TASK INPUTS ▸
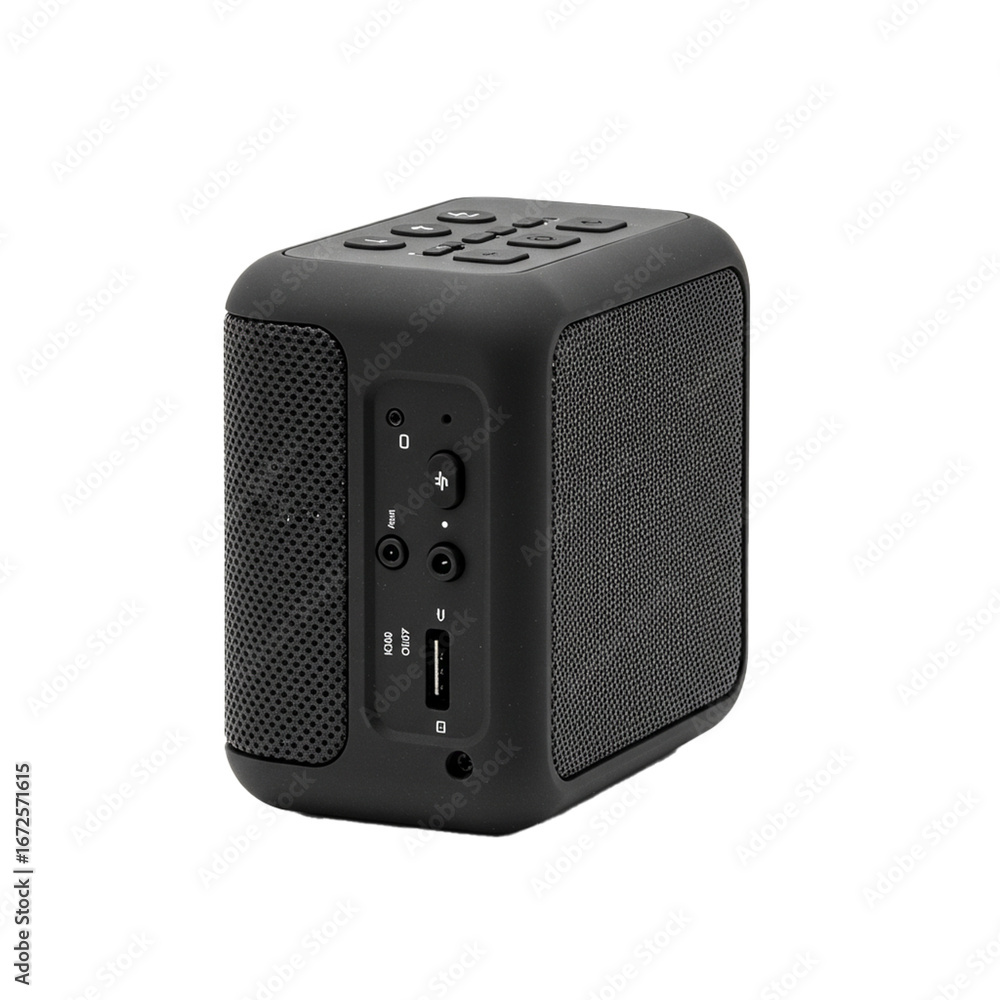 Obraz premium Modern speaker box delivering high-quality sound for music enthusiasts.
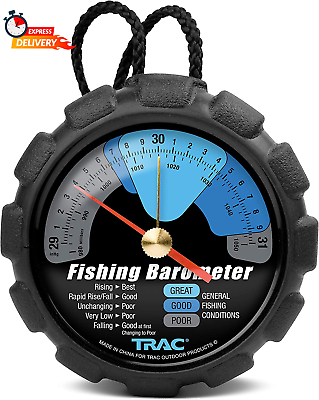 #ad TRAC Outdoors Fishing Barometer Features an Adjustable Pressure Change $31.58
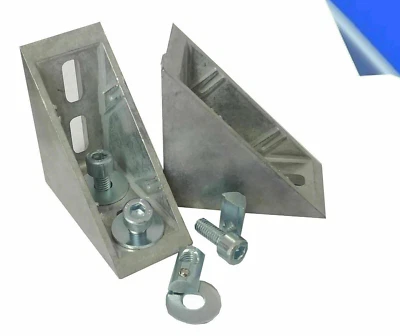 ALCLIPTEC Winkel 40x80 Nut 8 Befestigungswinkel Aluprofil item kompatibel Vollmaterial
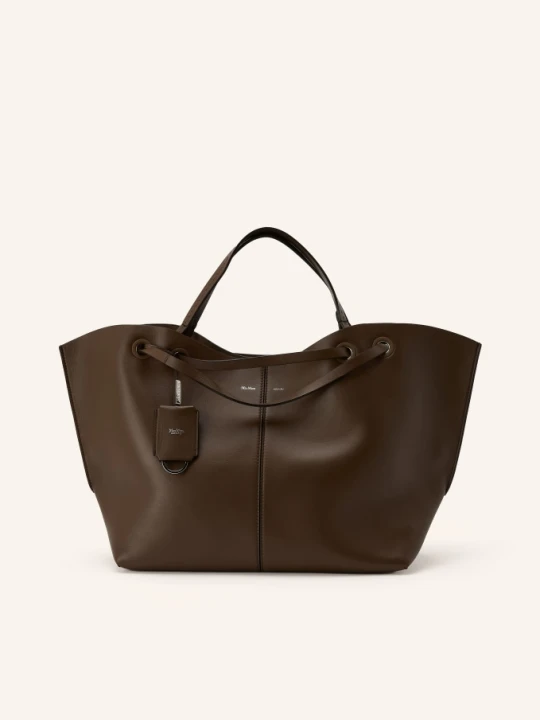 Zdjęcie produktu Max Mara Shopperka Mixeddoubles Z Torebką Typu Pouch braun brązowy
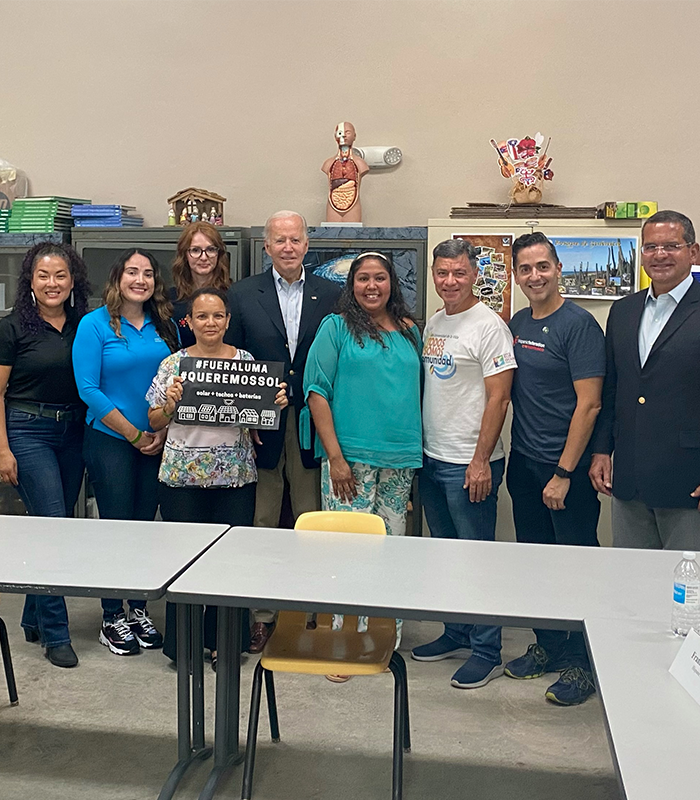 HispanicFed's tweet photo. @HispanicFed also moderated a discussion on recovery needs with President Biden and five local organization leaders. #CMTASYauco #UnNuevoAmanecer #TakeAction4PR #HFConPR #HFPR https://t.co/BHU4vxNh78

==

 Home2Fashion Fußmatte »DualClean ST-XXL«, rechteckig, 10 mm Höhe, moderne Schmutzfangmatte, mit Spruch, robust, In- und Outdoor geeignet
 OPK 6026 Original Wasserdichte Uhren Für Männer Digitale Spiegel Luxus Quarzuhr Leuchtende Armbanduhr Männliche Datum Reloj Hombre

ABOUT THIS TASK ▸ Would you please copy, word for word, everything above from the line containing "und Outdoor geeignet" down to the line containing "OPK 6026 Original", those two lines included?

SOLUTION TO THIS TASK ▸
 Home2Fashion Fußmatte »DualClean ST-XXL«, rechteckig, 10 mm Höhe, moderne Schmutzfangmatte, mit Spruch, robust, In- und Outdoor geeignet
 OPK 6026 Original Wasserdichte Uhren Für Männer Digitale Spiegel Luxus Quarzuhr Leuchtende Armbanduhr Männliche Datum Reloj Hombre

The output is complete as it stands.